### [Task item]
For the entries below, the expected answer is the line with "Naklejka dekoracyjna dziewczyna", the line with "Roberta roller rabbit", and every line between them, exactly as written, and nothing more.
Start of Records for this task
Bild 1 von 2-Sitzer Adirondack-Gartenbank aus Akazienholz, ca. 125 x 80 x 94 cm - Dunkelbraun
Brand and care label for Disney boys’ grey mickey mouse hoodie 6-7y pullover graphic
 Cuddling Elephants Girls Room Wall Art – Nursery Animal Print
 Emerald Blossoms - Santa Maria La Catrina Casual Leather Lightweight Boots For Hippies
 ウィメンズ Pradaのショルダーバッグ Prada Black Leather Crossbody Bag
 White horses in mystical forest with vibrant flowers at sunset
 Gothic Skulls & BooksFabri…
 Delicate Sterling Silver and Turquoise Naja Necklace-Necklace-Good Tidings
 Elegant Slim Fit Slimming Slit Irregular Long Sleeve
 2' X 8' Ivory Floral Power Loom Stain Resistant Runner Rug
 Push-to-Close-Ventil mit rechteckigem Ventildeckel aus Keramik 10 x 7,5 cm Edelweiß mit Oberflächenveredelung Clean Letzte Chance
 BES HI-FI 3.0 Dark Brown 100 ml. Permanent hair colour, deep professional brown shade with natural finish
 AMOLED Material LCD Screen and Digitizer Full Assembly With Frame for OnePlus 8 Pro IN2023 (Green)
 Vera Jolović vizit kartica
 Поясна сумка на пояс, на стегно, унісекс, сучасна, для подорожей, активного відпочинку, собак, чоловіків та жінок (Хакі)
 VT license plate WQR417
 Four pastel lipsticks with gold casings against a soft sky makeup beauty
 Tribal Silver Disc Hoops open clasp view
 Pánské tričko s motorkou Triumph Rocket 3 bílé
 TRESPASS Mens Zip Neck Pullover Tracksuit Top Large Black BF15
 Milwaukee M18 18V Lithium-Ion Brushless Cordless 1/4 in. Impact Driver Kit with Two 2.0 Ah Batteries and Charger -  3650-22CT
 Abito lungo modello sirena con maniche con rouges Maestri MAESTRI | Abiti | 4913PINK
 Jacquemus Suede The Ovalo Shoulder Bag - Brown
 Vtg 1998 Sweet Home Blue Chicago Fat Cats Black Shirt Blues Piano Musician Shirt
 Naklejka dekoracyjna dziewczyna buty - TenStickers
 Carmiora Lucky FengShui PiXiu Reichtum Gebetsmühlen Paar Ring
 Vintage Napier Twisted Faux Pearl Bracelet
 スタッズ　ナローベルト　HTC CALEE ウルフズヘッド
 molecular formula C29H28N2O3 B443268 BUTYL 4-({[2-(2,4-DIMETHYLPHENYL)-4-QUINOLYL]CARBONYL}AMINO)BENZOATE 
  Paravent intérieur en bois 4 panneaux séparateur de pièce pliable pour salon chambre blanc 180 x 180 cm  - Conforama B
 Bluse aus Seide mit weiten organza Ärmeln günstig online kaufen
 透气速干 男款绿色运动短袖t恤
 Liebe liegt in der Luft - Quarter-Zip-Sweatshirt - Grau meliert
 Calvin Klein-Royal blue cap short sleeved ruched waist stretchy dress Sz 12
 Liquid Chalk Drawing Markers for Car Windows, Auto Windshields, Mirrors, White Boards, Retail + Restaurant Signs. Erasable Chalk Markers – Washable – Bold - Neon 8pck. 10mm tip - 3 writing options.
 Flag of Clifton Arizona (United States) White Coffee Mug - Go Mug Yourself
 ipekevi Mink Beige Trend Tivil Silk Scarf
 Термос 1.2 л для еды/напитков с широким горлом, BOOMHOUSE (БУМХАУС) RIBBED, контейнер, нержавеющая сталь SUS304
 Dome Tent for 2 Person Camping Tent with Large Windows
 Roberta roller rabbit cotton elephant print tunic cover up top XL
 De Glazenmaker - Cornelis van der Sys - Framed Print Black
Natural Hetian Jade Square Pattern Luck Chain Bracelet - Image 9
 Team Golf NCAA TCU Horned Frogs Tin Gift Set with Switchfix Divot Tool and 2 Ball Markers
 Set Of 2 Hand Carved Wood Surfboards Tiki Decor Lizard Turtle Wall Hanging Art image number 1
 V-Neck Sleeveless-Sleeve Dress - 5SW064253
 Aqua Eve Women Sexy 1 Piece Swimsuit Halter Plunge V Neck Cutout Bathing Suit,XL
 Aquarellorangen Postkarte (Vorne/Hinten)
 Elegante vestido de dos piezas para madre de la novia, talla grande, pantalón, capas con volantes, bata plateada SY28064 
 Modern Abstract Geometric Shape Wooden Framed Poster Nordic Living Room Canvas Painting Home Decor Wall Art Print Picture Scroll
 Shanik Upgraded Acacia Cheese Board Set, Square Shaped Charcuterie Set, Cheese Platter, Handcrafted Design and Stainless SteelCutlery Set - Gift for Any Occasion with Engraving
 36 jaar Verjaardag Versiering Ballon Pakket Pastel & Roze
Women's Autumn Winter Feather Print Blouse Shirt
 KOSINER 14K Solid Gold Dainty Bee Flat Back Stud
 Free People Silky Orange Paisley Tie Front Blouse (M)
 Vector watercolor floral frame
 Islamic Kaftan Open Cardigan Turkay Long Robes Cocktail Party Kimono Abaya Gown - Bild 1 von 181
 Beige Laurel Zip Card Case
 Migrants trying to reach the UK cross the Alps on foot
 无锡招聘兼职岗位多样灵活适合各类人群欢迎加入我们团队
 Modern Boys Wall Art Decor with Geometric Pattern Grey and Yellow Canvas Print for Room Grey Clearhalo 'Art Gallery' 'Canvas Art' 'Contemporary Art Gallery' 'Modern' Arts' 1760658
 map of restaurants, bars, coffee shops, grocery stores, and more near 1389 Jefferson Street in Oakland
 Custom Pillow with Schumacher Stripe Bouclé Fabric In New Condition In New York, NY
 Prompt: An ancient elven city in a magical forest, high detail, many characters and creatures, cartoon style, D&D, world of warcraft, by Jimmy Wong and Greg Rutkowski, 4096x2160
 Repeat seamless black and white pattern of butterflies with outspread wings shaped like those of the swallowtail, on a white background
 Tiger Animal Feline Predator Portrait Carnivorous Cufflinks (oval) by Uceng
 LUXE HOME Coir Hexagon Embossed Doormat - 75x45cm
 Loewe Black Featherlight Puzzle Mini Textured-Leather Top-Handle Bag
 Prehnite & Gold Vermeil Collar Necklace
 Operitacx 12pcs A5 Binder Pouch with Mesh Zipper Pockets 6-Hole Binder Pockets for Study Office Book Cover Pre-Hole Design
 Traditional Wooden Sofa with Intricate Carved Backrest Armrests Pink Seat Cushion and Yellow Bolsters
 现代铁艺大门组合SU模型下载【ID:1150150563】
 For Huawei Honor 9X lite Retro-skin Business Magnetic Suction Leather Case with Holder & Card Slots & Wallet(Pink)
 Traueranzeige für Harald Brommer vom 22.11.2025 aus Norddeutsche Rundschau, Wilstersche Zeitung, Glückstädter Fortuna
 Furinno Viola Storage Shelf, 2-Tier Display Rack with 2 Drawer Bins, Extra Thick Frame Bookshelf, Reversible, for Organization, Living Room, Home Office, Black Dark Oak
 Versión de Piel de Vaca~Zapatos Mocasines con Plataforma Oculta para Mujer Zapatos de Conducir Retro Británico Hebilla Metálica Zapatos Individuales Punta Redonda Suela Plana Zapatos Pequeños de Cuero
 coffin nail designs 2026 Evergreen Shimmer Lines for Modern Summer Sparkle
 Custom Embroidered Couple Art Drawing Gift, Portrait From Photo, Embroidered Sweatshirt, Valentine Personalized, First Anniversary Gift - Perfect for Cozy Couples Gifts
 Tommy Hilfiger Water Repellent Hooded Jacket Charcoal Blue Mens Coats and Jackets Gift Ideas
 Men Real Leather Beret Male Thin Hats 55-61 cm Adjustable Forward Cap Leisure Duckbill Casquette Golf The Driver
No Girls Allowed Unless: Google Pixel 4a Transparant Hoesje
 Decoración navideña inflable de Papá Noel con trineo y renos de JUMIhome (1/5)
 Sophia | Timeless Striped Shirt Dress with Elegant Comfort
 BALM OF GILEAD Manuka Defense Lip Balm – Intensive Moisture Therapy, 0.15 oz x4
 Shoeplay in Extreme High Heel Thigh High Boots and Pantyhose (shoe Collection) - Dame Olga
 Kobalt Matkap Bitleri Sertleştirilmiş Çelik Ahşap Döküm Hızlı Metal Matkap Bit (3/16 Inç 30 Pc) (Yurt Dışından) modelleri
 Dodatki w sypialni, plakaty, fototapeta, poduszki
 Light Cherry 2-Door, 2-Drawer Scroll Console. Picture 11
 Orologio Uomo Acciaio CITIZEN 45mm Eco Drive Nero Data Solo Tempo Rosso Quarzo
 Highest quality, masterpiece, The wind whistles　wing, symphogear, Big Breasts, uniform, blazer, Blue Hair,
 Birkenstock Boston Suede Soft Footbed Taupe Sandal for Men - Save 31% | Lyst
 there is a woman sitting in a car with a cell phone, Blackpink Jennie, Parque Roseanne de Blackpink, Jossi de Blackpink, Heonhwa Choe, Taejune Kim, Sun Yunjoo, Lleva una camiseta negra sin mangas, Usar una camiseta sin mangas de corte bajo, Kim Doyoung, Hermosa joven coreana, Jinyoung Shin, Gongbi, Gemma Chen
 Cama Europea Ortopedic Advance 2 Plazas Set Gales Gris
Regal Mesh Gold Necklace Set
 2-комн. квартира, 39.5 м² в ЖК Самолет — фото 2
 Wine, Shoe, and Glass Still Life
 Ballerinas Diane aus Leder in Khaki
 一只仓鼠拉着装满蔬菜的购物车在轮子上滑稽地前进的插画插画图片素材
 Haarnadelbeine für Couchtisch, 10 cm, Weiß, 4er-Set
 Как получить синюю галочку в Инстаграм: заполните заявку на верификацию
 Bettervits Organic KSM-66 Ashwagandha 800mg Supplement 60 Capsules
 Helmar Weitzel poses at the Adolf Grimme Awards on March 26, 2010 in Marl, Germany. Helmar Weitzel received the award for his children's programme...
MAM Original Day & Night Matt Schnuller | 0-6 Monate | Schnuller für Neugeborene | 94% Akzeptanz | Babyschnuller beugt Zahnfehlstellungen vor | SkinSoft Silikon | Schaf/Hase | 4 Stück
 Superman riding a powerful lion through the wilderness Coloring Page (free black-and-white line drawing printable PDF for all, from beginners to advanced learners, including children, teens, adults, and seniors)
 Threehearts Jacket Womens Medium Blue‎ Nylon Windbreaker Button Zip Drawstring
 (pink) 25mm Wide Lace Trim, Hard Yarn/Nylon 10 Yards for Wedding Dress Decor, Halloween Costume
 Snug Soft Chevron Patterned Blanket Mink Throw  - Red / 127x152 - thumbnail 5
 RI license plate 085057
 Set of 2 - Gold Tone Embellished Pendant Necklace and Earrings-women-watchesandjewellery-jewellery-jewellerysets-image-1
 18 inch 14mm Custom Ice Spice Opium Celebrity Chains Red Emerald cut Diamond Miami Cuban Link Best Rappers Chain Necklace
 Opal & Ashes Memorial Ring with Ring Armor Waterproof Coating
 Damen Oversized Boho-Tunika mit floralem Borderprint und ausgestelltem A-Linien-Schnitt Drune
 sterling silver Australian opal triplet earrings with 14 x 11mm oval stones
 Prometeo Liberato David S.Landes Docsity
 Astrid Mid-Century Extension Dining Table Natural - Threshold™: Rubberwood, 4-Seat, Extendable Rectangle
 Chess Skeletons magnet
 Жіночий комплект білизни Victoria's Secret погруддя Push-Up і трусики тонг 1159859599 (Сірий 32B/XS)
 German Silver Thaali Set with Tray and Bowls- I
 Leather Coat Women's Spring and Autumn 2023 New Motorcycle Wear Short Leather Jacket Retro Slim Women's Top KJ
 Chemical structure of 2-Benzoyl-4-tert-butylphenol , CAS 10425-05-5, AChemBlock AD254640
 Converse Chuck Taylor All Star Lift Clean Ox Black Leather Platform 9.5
End of Records for this task
### [Written solution]
 Naklejka dekoracyjna dziewczyna buty - TenStickers
 Carmiora Lucky FengShui PiXiu Reichtum Gebetsmühlen Paar Ring
 Vintage Napier Twisted Faux Pearl Bracelet
 スタッズ　ナローベルト　HTC CALEE ウルフズヘッド
 molecular formula C29H28N2O3 B443268 BUTYL 4-({[2-(2,4-DIMETHYLPHENYL)-4-QUINOLYL]CARBONYL}AMINO)BENZOATE 
  Paravent intérieur en bois 4 panneaux séparateur de pièce pliable pour salon chambre blanc 180 x 180 cm  - Conforama B
 Bluse aus Seide mit weiten organza Ärmeln günstig online kaufen
 透气速干 男款绿色运动短袖t恤
 Liebe liegt in der Luft - Quarter-Zip-Sweatshirt - Grau meliert
 Calvin Klein-Royal blue cap short sleeved ruched waist stretchy dress Sz 12
 Liquid Chalk Drawing Markers for Car Windows, Auto Windshields, Mirrors, White Boards, Retail + Restaurant Signs. Erasable Chalk Markers – Washable – Bold - Neon 8pck. 10mm tip - 3 writing options.
 Flag of Clifton Arizona (United States) White Coffee Mug - Go Mug Yourself
 ipekevi Mink Beige Trend Tivil Silk Scarf
 Термос 1.2 л для еды/напитков с широким горлом, BOOMHOUSE (БУМХАУС) RIBBED, контейнер, нержавеющая сталь SUS304
 Dome Tent for 2 Person Camping Tent with Large Windows
 Roberta roller rabbit cotton elephant print tunic cover up top XL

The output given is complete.